Former Tory health secretary Lord Lansley also called for coronavirus testing at airports.

Speaking on Times Radio, he said: “We are running into the autumn. It is going to be increasingly difficult to sustain the present situation. 

“I would like to think, for example, that we get to school half term – about seven weeks away – and if families want to go away at half term that they are able to come back either without quarantine or with reasonable confidence that the quarantine requirements, if they are imposed, are very limited.”

In his television interview, Mr Raab also stepped up the call for employees currently working from home to return to their offices.

Continuing with remote working was “damaging the economy,” the Foreign Secretary said.

“We’ve seen in lockdown a massive shrinking of the economy.

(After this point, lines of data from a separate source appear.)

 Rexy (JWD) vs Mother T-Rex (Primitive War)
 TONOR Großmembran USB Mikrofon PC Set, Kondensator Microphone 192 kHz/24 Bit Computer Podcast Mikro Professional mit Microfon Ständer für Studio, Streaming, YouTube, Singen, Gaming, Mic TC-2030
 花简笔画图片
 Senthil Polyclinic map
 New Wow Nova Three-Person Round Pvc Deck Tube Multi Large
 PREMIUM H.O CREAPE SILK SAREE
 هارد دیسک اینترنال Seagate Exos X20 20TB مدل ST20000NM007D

We are trying to bounce back as strongly as possible,” he said.

“The economy needs to have people back at work, unless there’s a good health reason why it shouldn’t happen, or unless the employer can’t put in place the covid-secure workplace that we all need. 

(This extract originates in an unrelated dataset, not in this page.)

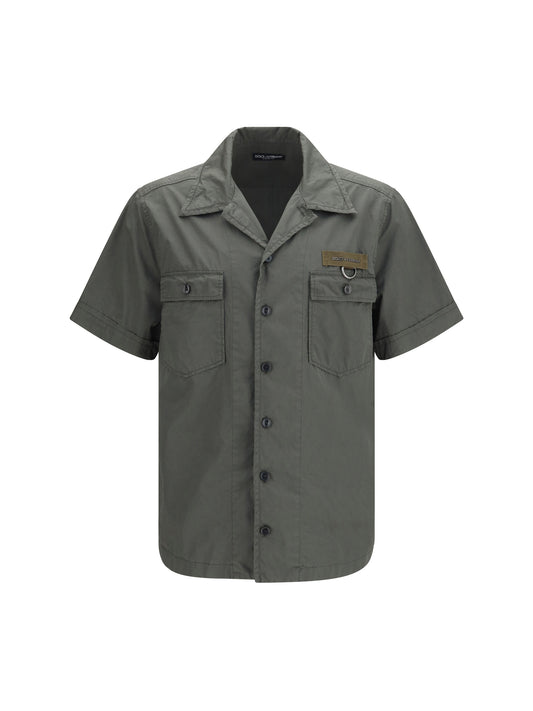 Short-Sleeve Shirt Dark Grey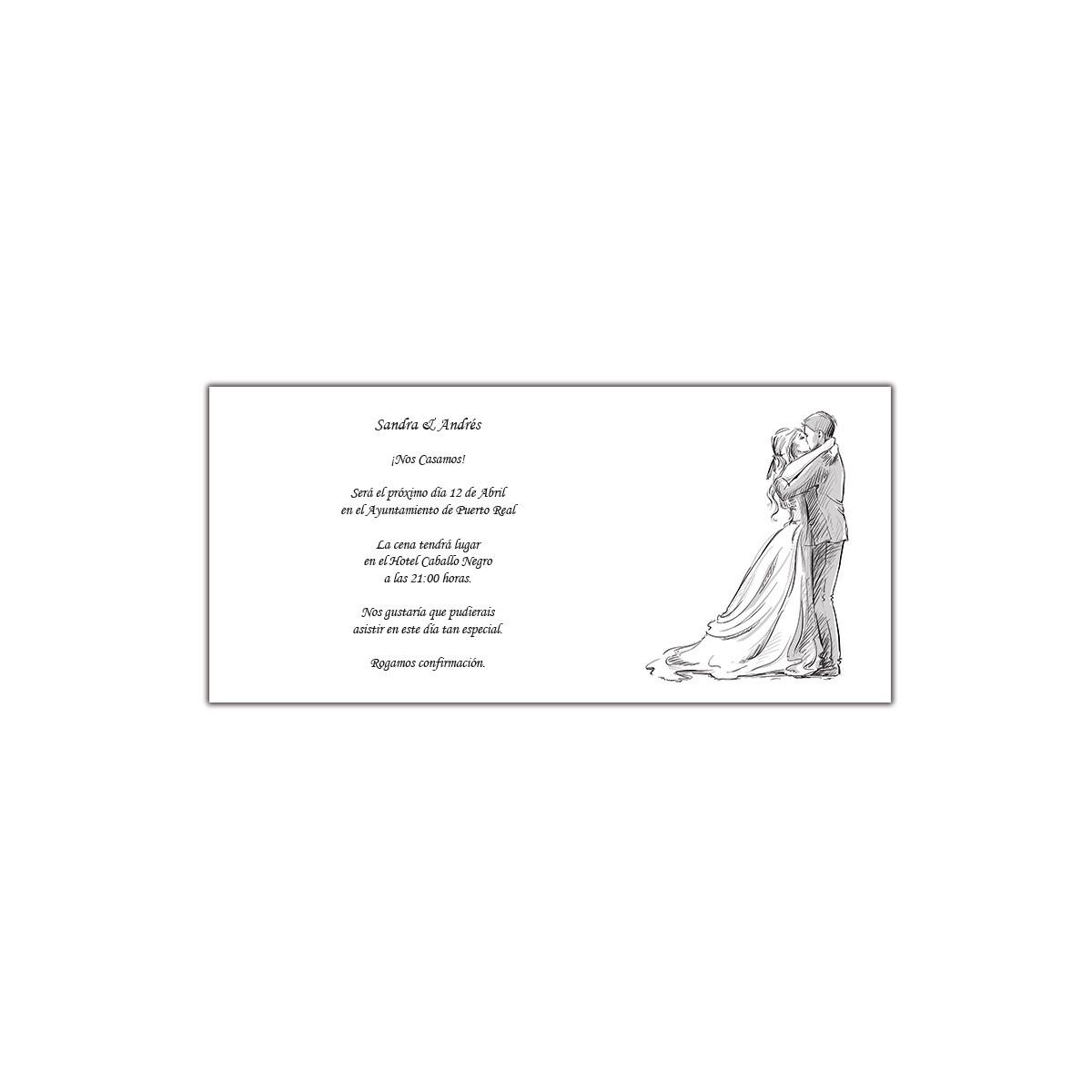 Invitations de mariage simples et élégantes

“But employers are doing that and I think it is important to send the message that we need to get Britain back up and running, the economy motoring on all cylinders.”

MPs yesterday accused the Civil Service of making a “mockery” of the Government’s back-to-work drive by continuing to advertise “work from home” jobs.

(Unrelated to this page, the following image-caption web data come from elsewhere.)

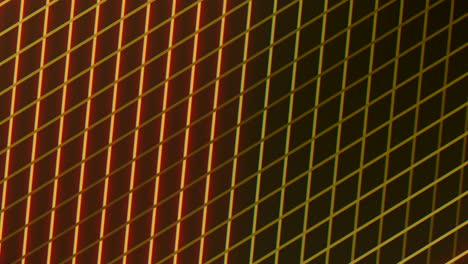 bold and striking close-up of yellow and black grid pattern on wall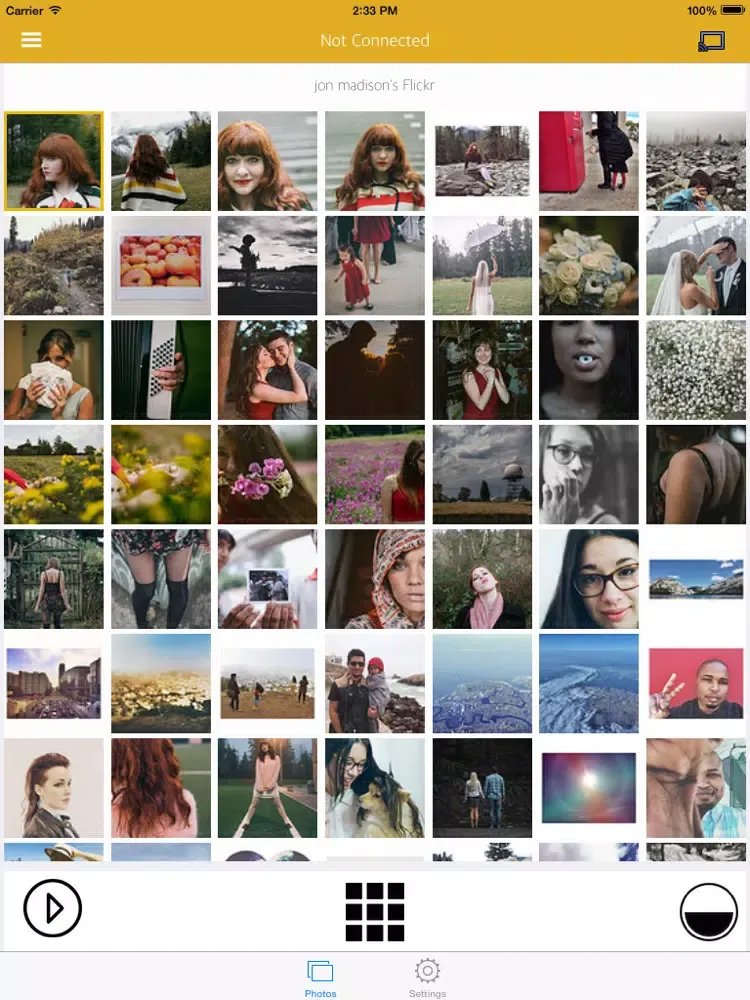 Zrzuty ekranu PixiPush - Photos with friends on your Chromecast iPad 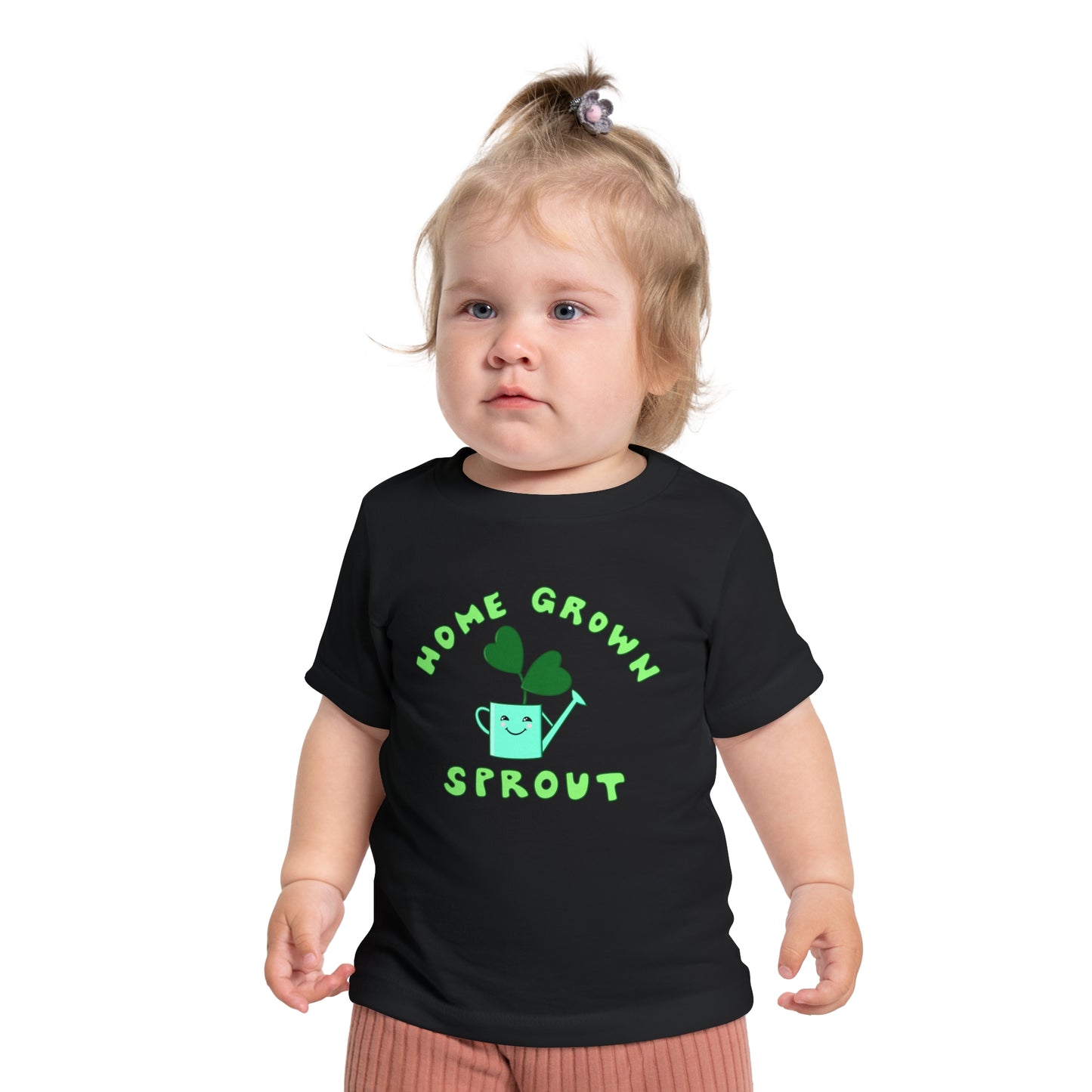 Home Grown Sprout Baby or Toddler Organic Cotton T-Shirt Blue Green Combo - Yellow, Navy, Black or White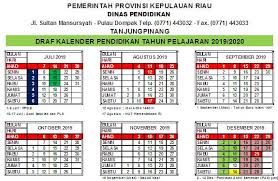Online monthly calendar 2019 and printable 2019 holiday calendar are also available here. Ralat Kalender Pendidikan 2019 2020 Disdik Kepri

The Ministry of Defence, the Department of Health, Public Health England and the Food Standards Agency were among Whitehall departments still advertising work-from-home jobs.

One advert said: “Due to the ongoing Covid-19 situation, you will initially be required to work from home with no travel required.”

Tory MP Steve Baker said: “Public service extends to leading the country in the right direction at all levels. 

“And that should mean Civil Service hiring managers planning to bring people into their offices.

“How anyone could be pulling in the wrong direction like this, at this time, I really cannot imagine.

“It makes a mockery of ministers and backbenchers trying to encourage our constituents back to work.”

Richard Holden, another Tory MP, said: “With adverts like this it looks like the Civil Service are deliberately undermining the efforts of the Government to get the country back to work and our economy moving again. 

“Nothing makes the argument that broad reform is clearly needed better than the Civil Service going against clear Government policy.”

A Government spokesman said: “The Civil Service prides itself in being a flexible employer and has offered elements of homeworking across the service for many years. This has not changed.

“We are clear that it is safe to return to a Covid-secure workplace and Government departments have ensured that appropriate measures are in place to enable as many civil servants as possible to return to offices safely.

“It undermines efforts to get the country back to work.”